本文首先给出高等代数中著名的Vandermonde行列式^〔4〕的一个推广(不同于文〔5〕),然后简单地导出I.J.Matrix定理的两个推广, 并由此进一步给出几类新颖而有趣的组合恒等式.
定理1 设 $n$ 是一个正整数, $r$ 是一个非负整数,对任意 $n+1$ 个数 $x_{0}, x_{1}, \cdots, x_n$, 令
$$\tag1\label1
D(n, r)=\left|\begin{array}{cccccc}
1 & x_{0} & x_{0}^{2} & \cdots & x_{0}^{n-1} & x_{0}^{r} \\
1 & x_{1} & x_{1}^{2} & \cdots & x_{1}^{n-1} & x_{1}^{r} \\
\cdots & \cdots & \cdots & \cdots & \cdots & \cdots \\
1 & x_{n} & x_{n}^{2} & \cdots & x_{n}^{n-1} & x_{n}^{r}
\end{array}\right|
$$
则有$$\tag2\label2 D(n,r)=\begin{cases}0&,(0\le r\le n-1)\\\prod_{0\le j<i\le n}(x_i-x_j)\sum_{j_{0}+j_{1}+\cdots+j_n=r-n} x_{0}^{j_{0}}x_{1}^{j_{1}} \cdots  x_n^{j_n}&,(r\ge n)\end{cases}$$
其中, $j_{0}, j_{1}, \cdots, j_{n}$皆为非负整数 (在后面的讨论中, 这一说明从略)。
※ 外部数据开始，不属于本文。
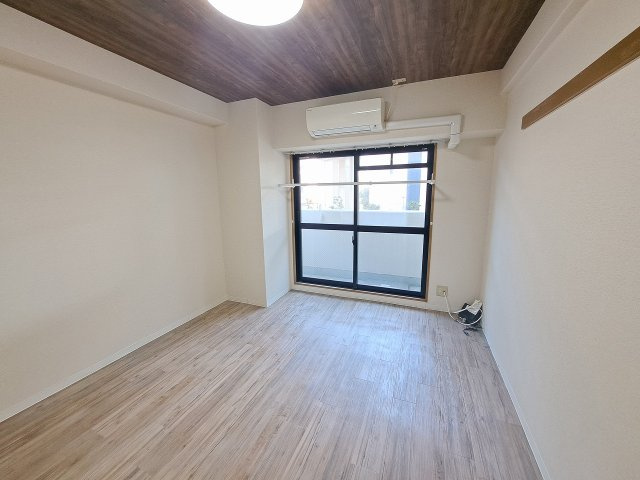 ラポール今津の居間・リビング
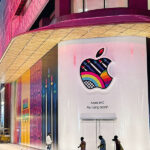 Η Apple άνοιξε το πρώτο της κατάστημα στην Ινδία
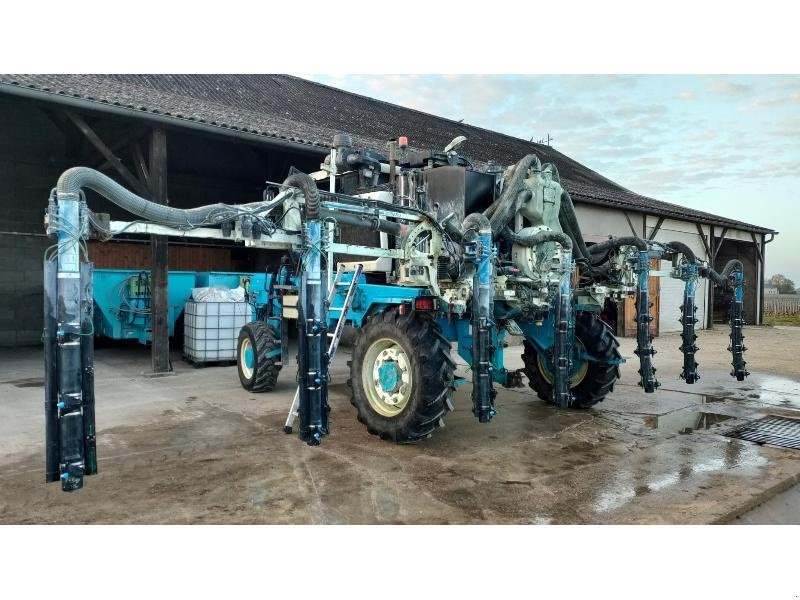 Traubenvollernter типа Bobard 1096 V3, Gebrauchtmaschine в BRAY en Val (Фотография 4)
证明 当 $0 \leqslant r \leqslant n-1$ 时, $D(n, r)$ 中有两列元素相同, 所以, $D(n, r)=0$,下面用数学归纳法证明 $r \geqslant n$ 的情形。
当 $r \geqslant 1$ 时, 因
$$D(1, r)=x_{1}^{r}-x_{0}^{r}=\left(x_{1}-x_{0}\right)\left(x_{0}^{r-1}+x_0^{r-2} x_{1}+\cdots+x_{1}^{r-1}\right)=\left(x_{1}-x_{0}\right) \sum_{j_{0}+j_{1}=r-1} x_0^{j_{0}} x_{1}^{j_{1}}$$所以, 当 $n=1$ 时, 结论成立, 设结论对 $n-1(n \geqslant 2, r \geqslant n-1)$ 的情形成立, 现考虑 $n(r \geqslant n)$ 的情形。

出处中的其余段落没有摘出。